[Image-text web data]
"""

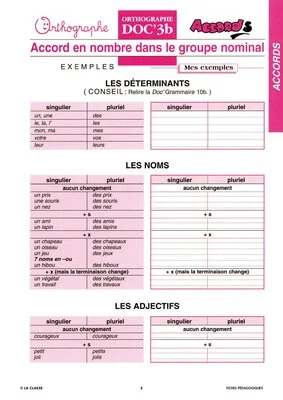 Les accords en genre et en nombre - les règles à retenir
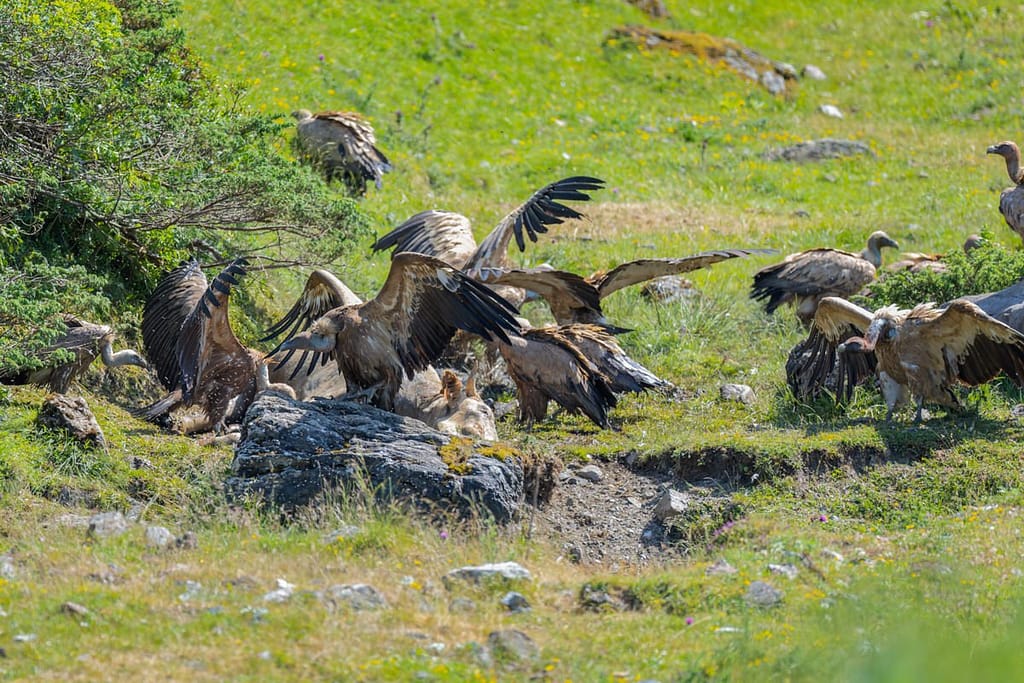 Gyps fulvus - Vale gier (Vautour Fauve)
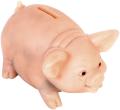 das Bild zu 'piggy bank' auf Deutsch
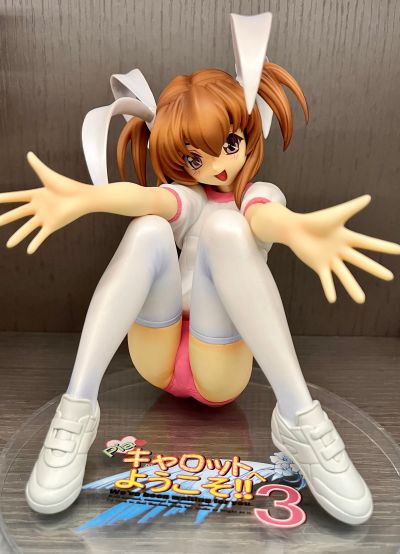 DreamTech Pia♥キャロットへ阳子そ!!3 爱沢友美 Gym Uniform Ver. (Pink Color) Limited 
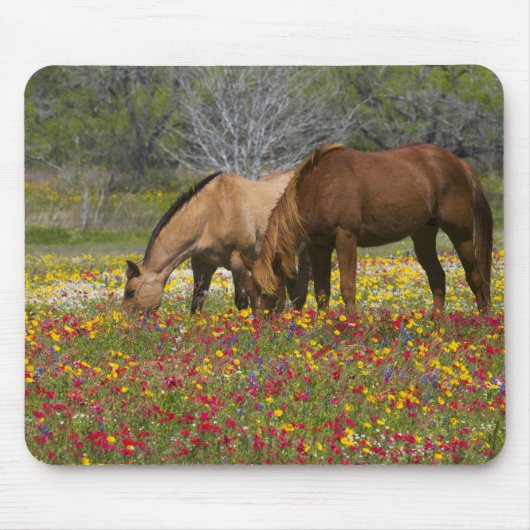 Viertelpferd im Feld der Wildblumen bei Cuero Mousepad (Vorne)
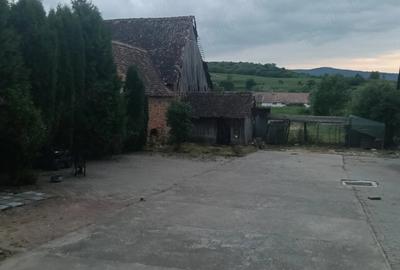 Casă cu Teren 1439 Mp în Saschiz - 5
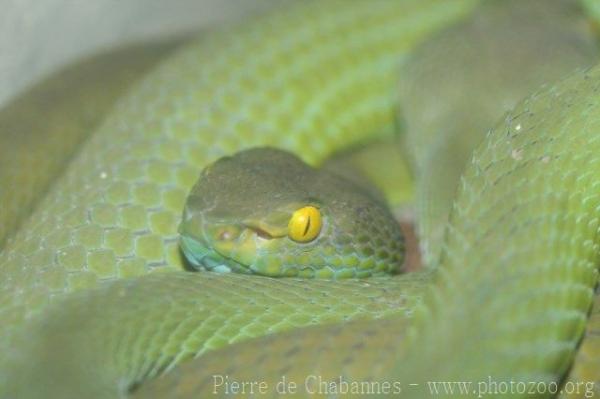 Large-eyed pitviper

"""

Exercise objective: Pictures do not belong in your copy; restate word for word the lines from the one containing "Viertelpferd im Feld" through the last line of the records above.

Task solution:
 Viertelpferd im Feld der Wildblumen bei Cuero Mousepad (Vorne)
 Casă cu Teren 1439 Mp în Saschiz - 5
 Large-eyed pitviper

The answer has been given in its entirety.